Imagine, for instance, the loss for liberals if MSNBC let go of Rachel Maddow, and opted instead only for Michael Moore types. Libs with any brains at all would be seriously upset. Because whatever strengths Moore might have, he does not represent insightful, critical, serious journalism. Maddow is smart, she’s funny, and she’s not one for B.S., not even from her own “side.”
That is invaluable. It’s the same set of traits that Megyn Kelly embodies, and with her departure, Fox as a “news” channel will no longer have much on the “insightful,” “critical,” or “serious” side of things.
What they’ll have is wall-to-wall positive coverage of the next president, whether by commission (YAYA TRUMP!!!) or omission (Don’t look over there at that fifty-seventh story of White House corruption, look over here, a liberal professor at a nondescript, 3,000-student pop. university sent out a tweet with a maybe-veiled reference to “white genocide.” We’re going to cover this for eighteen days now!)

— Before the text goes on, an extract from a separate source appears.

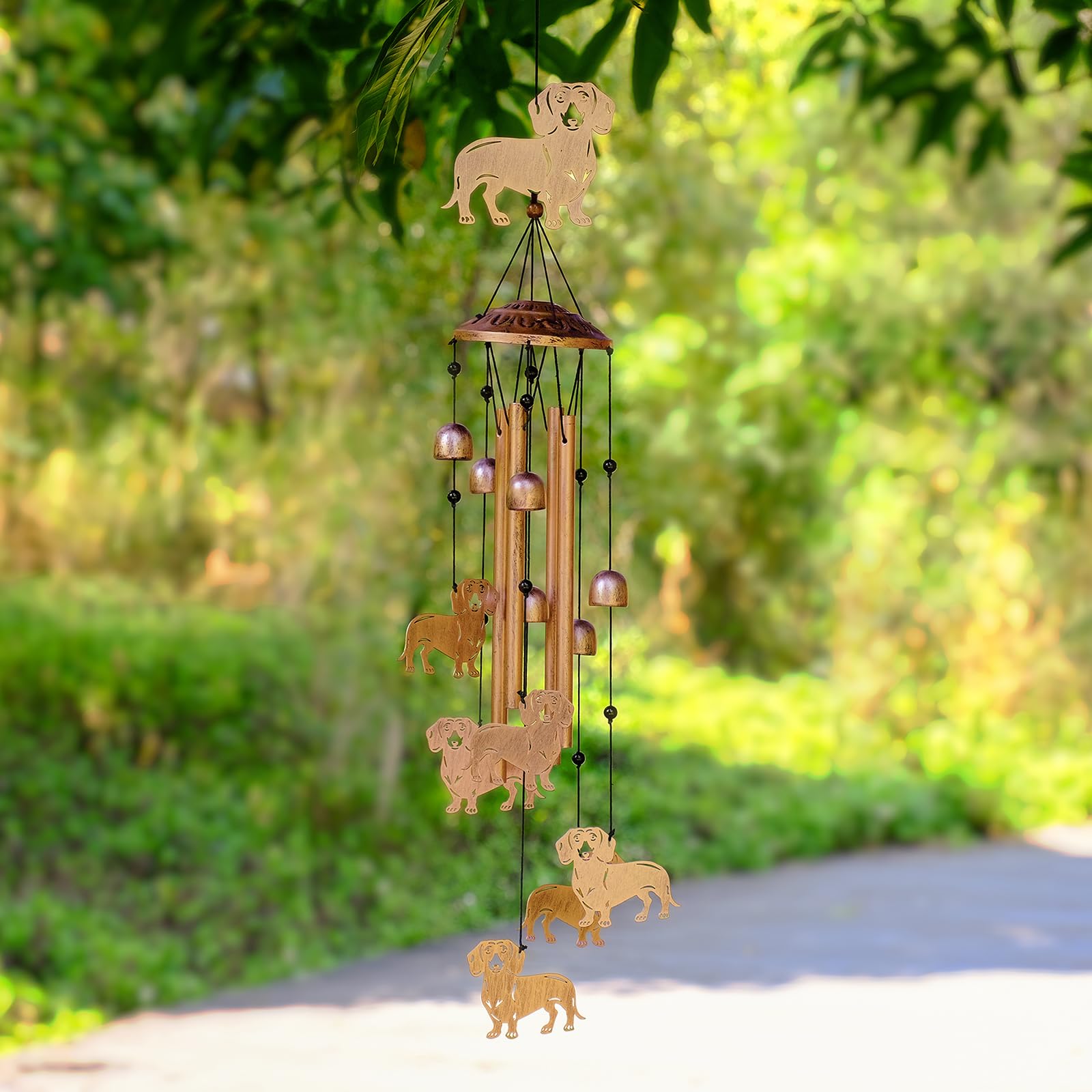 GDNSFIT Dachshund Wind Chimes hanging near a window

If you doubt me, click on over there one day and prove me wrong. It was disorienting at times, during this past year, to watch how CNN and MSNBC and NBC and ABC and CBS were covering Trump, and then tune into Fox and see a completely different set of stories altogether.
There’s nothing necessarily wrong with that. The news biz could actually use a lot more diversity, and not every story covered by the other outlets was worthy either. Where was the coverage of Aleppo? A national tragedy, and eternal shame, how too many producers and executives turned a blind eye to the genocide in Syria.
But when Fox power players – and perhaps, more disturbing, Fox viewers themselves – cannot handle even one voice of dissent, one person willing to push back against the Trump party… my gosh, where does that leave us?
It leaves us with a Fox News Channel that is more parts propaganda than anything resembling “news.”
That should be troubling to everyone.